Working Papers

Tax Avoidance Through Business Assets: Evidence from the Spanish Inheritance Tax (Draft coming soon!)

This paper studies tax-minimizing behavior of wealthy individuals in Spain. Drawing on the universe of inheritance tax returns filed in Catalonia, I study tax-minimizing strategies to an increase in the effective tax rates faced by heirs at the top 5% of the inheritance distribution. To identify causal effects, I use a difference-in-difference design comparing wealthy descendants to spouse inheritors who were barely affected by the policy change. After the tax reform, wealthy descendants inherit a higher fraction of tax-favoured assets and report lower taxable inheritances. This shift in the asset composition of inheritances is explained by a sharp increase in the proportion of wealthy descendants inheriting equity shares in family businesses. The rise in equity shares is not mirrored by a parallel increase in real assets needed to operate a business, suggesting that wealthy testators create family business to relabel financial or/and real estate assets into business wealth by using these assets as paid-in capital. The change in the asset composition of inheritances accounts for 52% of the forgone tax revenue associated with the behavioral responses elicited by the reform.

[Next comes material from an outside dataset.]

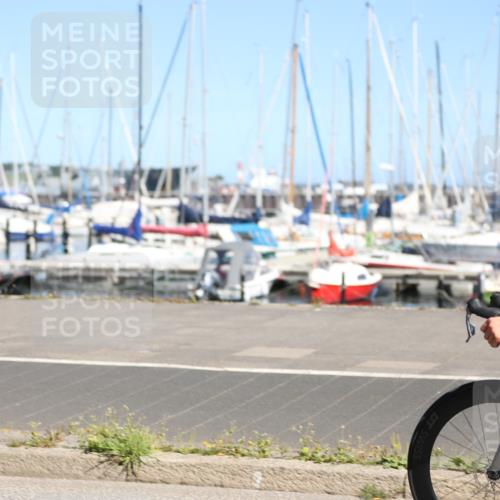 17.08.2025 - KN Förde Triathlon 2025 Yannick Fuchs http://msf.ph/oto/8625725 17.08.2025 12:51:40 Radfahren 430, 434, 458, 408, 458, 466 meine-sportfotos.de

Presented at: CESIfo Area Conference on Public Economics (March 2024), KOF Seminar ETH Zurich*  (April 2024), IIPF Annual Congress* (August 2024)

The Effects of Inheritance Taxation on Wealth Mobility: Lessons from Spain [Draft]

This paper studies the impact of inheritance taxation on intragenerational wealth mobility. To do so, I exploit rich variation in tax rates across Spanish regions resulting from the decentralization of this tax to regional governments. Using household panel data from the Spanish Survey of Household Finances, I document that higher inheritance taxes significantly and persistently reduce heirs’ wealth mobility at the lower part of the net wealth distribution. These wealth mobility responses to higher taxes are explained by less wealthy heirs decreasing their financial wealth and increasing their personal credit debt. Liquidity constraints and some particularities of the tax enforcement help rationalize the rise in personal credit debt at the time of the tax payment. Illiquidity of inheritances helps explain the lasting negative effects of taxes on bottom-wealth mobility, as delays in selling inherited real estate amplify the negative effects of taxes on personal credit debt and financial wealth of less wealthy heirs. 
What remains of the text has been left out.